Brussels (Brussels Morning) During a foreign policy debate between the three most prominent candidates seeking to become Germany’s next chancellor, the Christian Democratic Union’s (CDU) Armin Laschet took a tough stance against Russia, saying the Nord Stream 2 pipeline could be stopped at any time were Moscow to veer from its commitments to the Ukraine.
During the debate, the conservative Laschet mostly clashed with the idealistic Greens’ leader Annalena Baerbock. The Social Democrats’ (SPD) Olaf Scholz tried to take the middle ground and present himself as the most versatile and experienced candidate.
Talking about the Nord Stream 2 pipeline, the almost completed Russian-German energy project that has been blasted by those who maintain it would enable Moscow to blackmail Ukraine into making political concessions, Baerbock reasserted her view that the project must be scrapped. She reiterated her claim that its primary purpose is to harm the Ukraine and circumvent sanctions.
Laschet and Scholz insisted that from the German perspective, the project was purely economic. Both took the position that, even when completed, the pipeline could easily be shut down if required. Laschet said it could be stopped at any time were President Vladimir Putin to use it to the detriment of Ukraine.

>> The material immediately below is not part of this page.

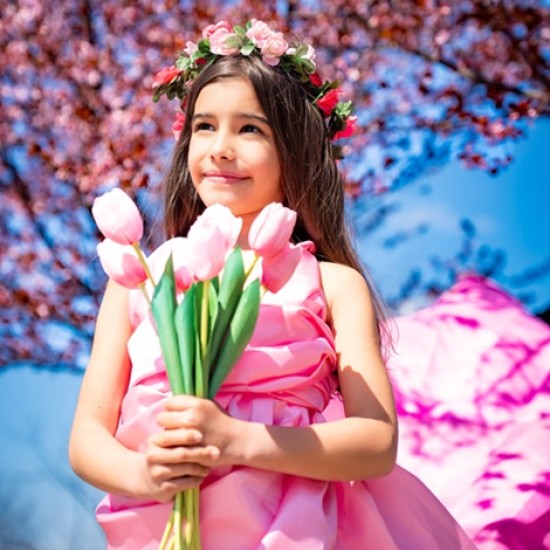 Сбъднете мечтата на Вашата малка принцеса с Фотосесия Flying dress Little princess в Пловдив от Makaroon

Discussing Hungary’s apparent slide towards authoritarianism and citing Prime Minister Viktor Orbán’s crackdown on the free press, civil society and LGBT minorities, Laschet argued that the matter should be left to the European Court of Justice. Baerbock, on the other hand, wants the EU to cut off Hungary from EU funds until it complies with the rule of law standards.
Scholz, again stuck to the middle ground and, drawing on his experience as vice-chancellor and Finance Minister, said Germany should work on empowering local pro-democracy actors and politicians with demonstrable European values such as Budapest’s Mayor Gergely Karacsony, the most likely opposition candidate for PM in the next Hungarian elections.
Baerbock also took the hardest line on China, saying that the EU should not be importing any products from the Xinjiang region, where Beijing is actively engaged in suppression of the Muslim Uyghur minority. Laschet emphasised the need to keep talking to China as a partner in combating climate change, while Scholz also opposed the idea of isolating Beijing, noting that trying to divide the world would be to fall into “a trap”.